More generally, life usually becomes easier if you can restrict where any sort of side-effect occurs. So instead of:
for (line <- myData) {
println("}, {")
}
You can write:
val lines = for (line <- myData) yield "}, {"
println(lines mkString "\n")
I'm also going to take a guess here that you wanted the content of each line in the output!
val lines = for (line <- myData) yield (line + "}, {")
println(lines mkString "\n")
Though you'd be better off still if you just used mkString directly - that's what it's for!
val lines = myData.mkString("{", "\n}, {", "}")
println(lines)
Note how we're first producing a String, then printing it in a single operation. This approach can easily be split into separate methods and used to implement toString on your class, or to inspect the generated String in tests.

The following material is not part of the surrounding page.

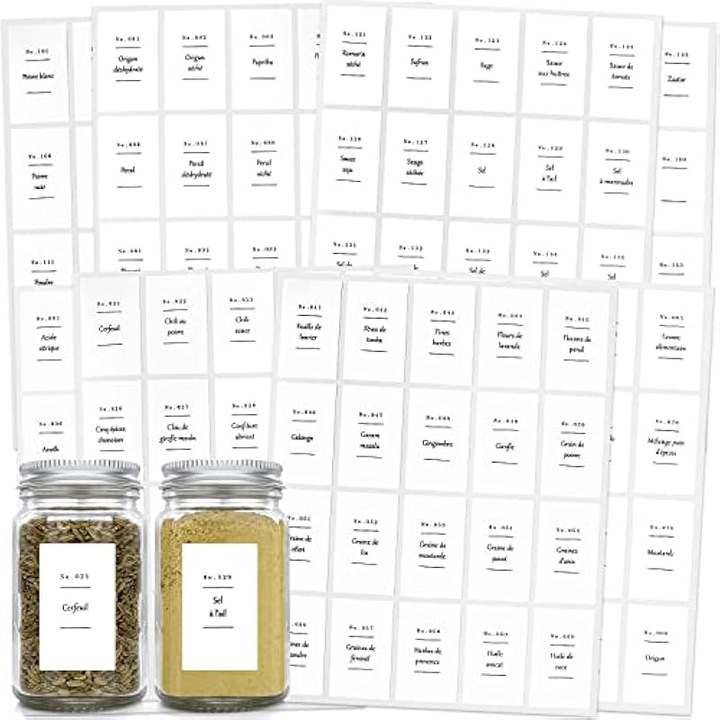 Etichete adezive pentru borcane cu condimente, stickere pentru sticle si borcane, stil francez, autoadezive, 147 etichete presetate + 13 etichete necompletate pentru personalizare, Alb, 160 buc, 3 x 5.2 cm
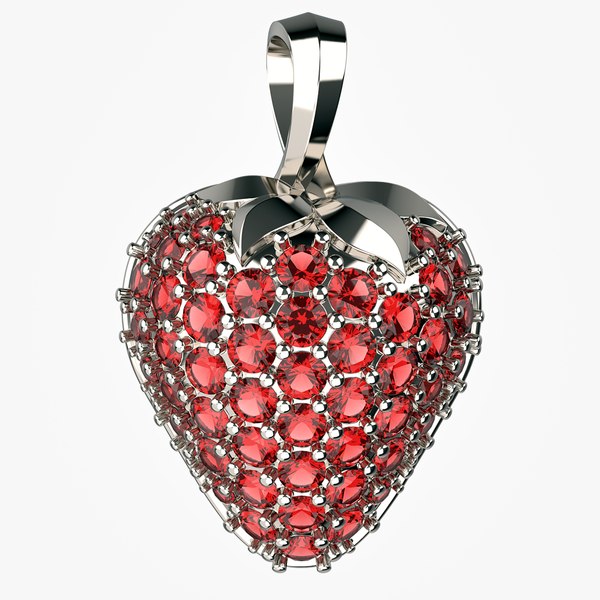 3D Summer strawberry pendant P1 3D print model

I agree fully with what has been said before about using mkstring, and distinguishing the first iteration rather than the last one. Would you still need to distinguish on the last, scala collections have an init method, which return all elements but the last.
So you can do
for(x <- coll.init) workOnNonLast(x)
workOnLast(coll.last)
(init and last being sort of the opposite of head and tail, which are the first and and all but first). Note however than depending on the structure, they may be costly. On Vector, all of them are fast. On List, while head and tail are basically free, init and last are both linear in the length of the list. headOption and lastOption may help you when the collection may be empty, replacing workOnlast by
for (x <- coll.lastOption) workOnLast(x)
You may take the addString function of the TraversableOncetrait as an example.

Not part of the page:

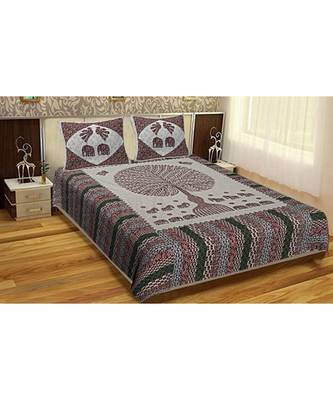Ridan Cotton Multicolour Printed King Size Double  Sheet With Pillow Cover 1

def addString(b: StringBuilder, start: String, sep: String, end: String): StringBuilder = {
var first = true
b append start
for (x <- self) {
if (first) {
b append x
first = false
} else {
b append sep
b append x
}
}
b append end
b
}
In your case, the separator is }, { and the end is }
If you don't want to use built-in mkString function, you can make something like
for (line <- lines)
if (line == lines.last) println("last")
else println(line)
UPDATE: As didierd mentioned in comments, this solution is wrong because last value can occurs several times, he provides better solution in his answer.
It is fine for Vectors, because last function takes "effectively constant time" for them, as for Lists, it takes linear time, so you can use pattern matching
#tailrec
def printLines[A](l: List[A]) {
l match {
case Nil =>
case x :: Nil => println("last")
case x :: xs => println(x); printLines(xs)
}
}
Other answers are rightfully pointed to mkString, and for a normal amount of data I would also use that.
However, mkString builds (accumulates) the end-result in-memory through a StringBuilder. This is not always desirable, depending on the amount of data we have.
In this case, if all we want is to "print" we don't need to build the big-result first (and maybe we even want to avoid this).
Consider the implementation of this helper function:
def forEachIsLast[A](iterator: Iterator[A])(operation: (A, Boolean) => Unit): Unit = {
while(iterator.hasNext) {
val element = iterator.next()
val isLast = !iterator.hasNext // if there is no "next", this is the last one
operation(element, isLast)
}
}
It iterates over all elements and invokes operation passing each element in turn, with a boolean value. The value is true if the element passed is the last one.
In your case it could be used like this:
forEachIsLast(myData) { (line, isLast) =>
if(isLast)
println("}")
else
println("}, {")
}
We have the following advantages here:
It operates on each element, one by one, without necessarily accumulating the result in memory (unless you want to).
Because it does not need to load the whole collection into memory to check its size, it's enough to ask the Iterator if it's exhausted or not. You could read data from a big file, or from the network, etc.